On 30 October, the bus industry in England will scrutinise Chancellor Rachel Reeves’s budget and its collateral material for expected detail of what happens to the £2 bus fare cap in 2025.
The sector will then have two months to align with whatever Ms Reeves’s department decides. A poorly executed exit from the cap will be a problem for all concerned, not least a government that is at pains to tell all and sundry that it wants better buses across England.
Smoke signals around what to expect are not easy to decipher. Much clearer is that the £2 cap cannot go on forever. There is recognition that if the cap survives, it will move away from that figure sooner rather than later. Modelling of £2.50 and £3 as alternatives has already been done with an idea that ministers may use both as a pathway out of the current cap.
A worry to some in the sector is that such an approach may be meeting resistance from the Treasury via a belief that funding put to bus fare subsidy is poor value for money. A risk now appears to exist that a hard stop will come after 31 December.
While for urban services where passenger journeys are short that may not have much more impact than a graduated exit via £2.50 and £3 steps, the knock-on would be much more severe on rural and interurban services.
Extensive rural bus cuts over the past two decades illustrate that those routes are rarely a holy grail from a commercial point of view. A hard stop to the cap could push more into the not-worth-bothering-with pile, opening the door to further demand responsive transport as replacements – often the dictionary definition of a subsidy consumer.
It is right for politicians to point out that the £2 bus fare cap was introduced as a crutch during the cost-of-living crisis. But it has now been in force for such a length of time that ending it in one go will do damage. Memories are short, and recollections of paying in some cases several times the cap for a bus journey have faded.

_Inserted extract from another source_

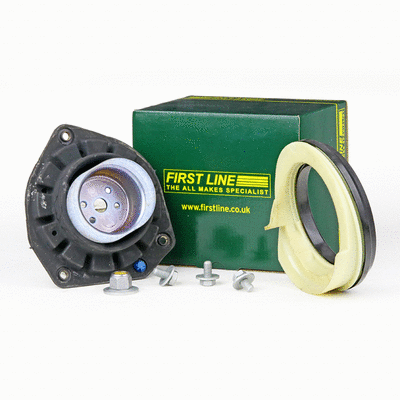 Suspension Strut Support Mount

A report prepared by KPMG on behalf of the Confederation of Passenger Transport to consider alternatives to the fare cap, published earlier this year, notes that there is a correlation between duration of a cap and difficulty in transitioning away from it.
In a key message to ministers, that document adds how when a cap is removed and cost to the end user increases, challenges to government policy on modal shift will inevitably follow. The choice now facing Rachel Reeves is not an enviable one.

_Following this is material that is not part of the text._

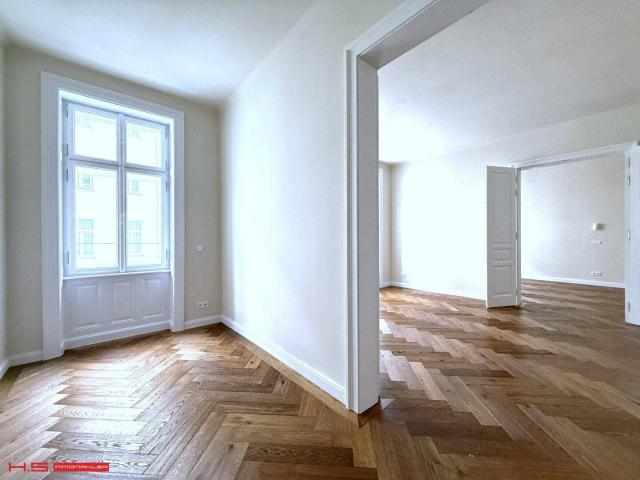 Apartment kaufen in Wien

Clearly, a stepped transition back to commercial fare levels is ultimately required. The risk in the short-term is that the Treasury wins any argument with the Department for Transport and that such a shift comes with varying degrees of blunt force trauma for all concerned.
If Ms Reeves is not to concurrently compromise government aspirations for bus services, place a further burden on local authority bus budgets and hit the industry’s work on patronage return, that cliff-face end must be avoided at all costs.